238 F2d 221 Manley v. United States
238 F.2d 221
James R. MANLEY, Appellant,
UNITED STATES of America, Appellee.
United States Court of Appeals Sixth Circuit.
Nov. 8, 1956.
Gerald P. Openlander, Toledo, Ohio, for appellant.
Clarence M. Condon, Toledo, Ohio for appellee.
Before MARTIN, MILLER and STEWART, Circuit Judges.
The appellant, former postmaster at Holland, Ohio, was found guilty under the second count of an information charging him with knowingly and wilfully making a false, fictitious and fraudulent statement on a post office form in which he reported officially a burglary of that post office, 'whereas in fact such statement was not a full and complete report.' The section of the United States Code charged in that count to have been violated is section 1001, Title 18.
Appellant was convicted also upon the third count of the information, which charged violation again of section 1001, Title 18, U.S.C.A., in that appellant, being acting postmaster, knowingly and wilfully concealed material facts from the postal officers who investigated the post office safe robbery which occurred on or about April 18, 1955.
Appellant was acquitted by jury verdict of violation of section 1711, Title 18, U.S.C.A., as averred in the fourth count of the information.

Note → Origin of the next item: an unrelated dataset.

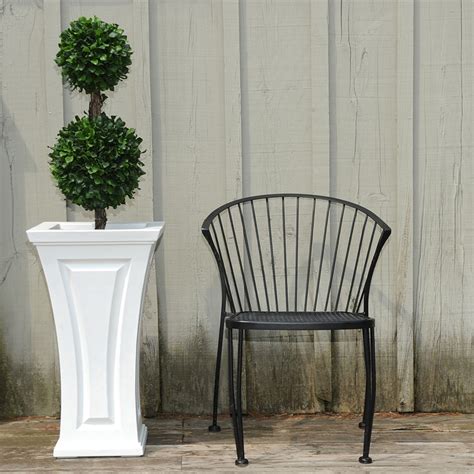 Mayne Cambridge Tall Traditional Plastic Planter In White Homesquare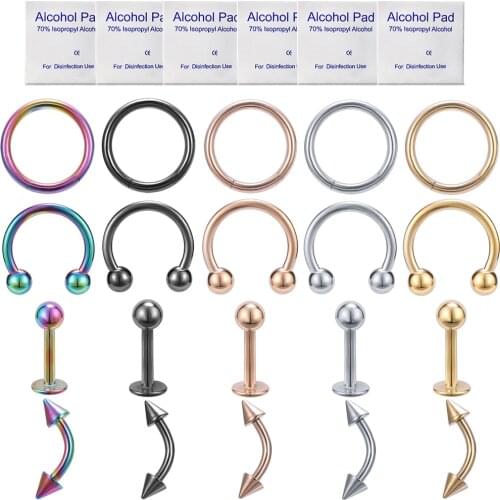 ZS 8 pcs Colorful Stainless Steel Nose Rings Studs Set Unisex Helix Cartilage Tragus Earrings Lip Eyebrow Piercing Septum Rings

This count charged that appellant, being acting postmaster, converted to his own use money, in the approximate amount of $2,959.42, coming into his hands in the execution of his office.
Upon the entire record in the case, the acquittal on count four was inconsistent with conviction on counts two and three. This alone would not justify reversal. But, when an obviously inconsistent verdict as to different counts of an indictment or information is returned by the jury, both the trial court and the reviewing court should be extraordinarily careful to scrutinize the record for the ascertainment of any prejudicial error.
Upon consideration of the record here, we find error which, in the circumstances of the case, would seem to be of a prejudicial character. The United States Attorney was pursuing a legitimate cross-examination of appellant as to his various employments prior to his appointment as postmaster. In doing so, he developed a reluctance on the part of appellant to testify concerning his employment with the Coca Cola Company. Appellant was asked why he happened to leave Coca Cola. He responded that he had been 'fired.' His attorney objected to the question, but was overruled by the court. Appellant stated that he had been 'fired' for two reasons: first, the discontinuance of the use of cartons for Coca Cola when he had been operating a 'cartons route'; and second, as stated by him: 'I was short in my account.' Appellant's attorney moved to strike the answer, but was overruled by the district judge with the statement that the answer would be considered by the jury only as going to the credibility of the witness.
It is well settled that it is not permissible for the government to show that a defendant has been accused of, arrested for, or indicted for a crime. Only a previous conviction for crime is admissible, under appropriate circumstances.
The United States Court of Appeals for the Eighth Circuit has ruled that acts of misconduct not resulting in conviction of a crime are not the proper subject of cross-examination to impeach a witness. Little v. United States, 8 Cir., 93 F.2d 401, 408; Echert v. United States, 8 Cir., 188 F.2d 336, 26 A.L.R.2d 752. Numerous other cases recognizing the same principle could be cited.
The judgment is reversed; and the case is remanded to the district court for re-trial.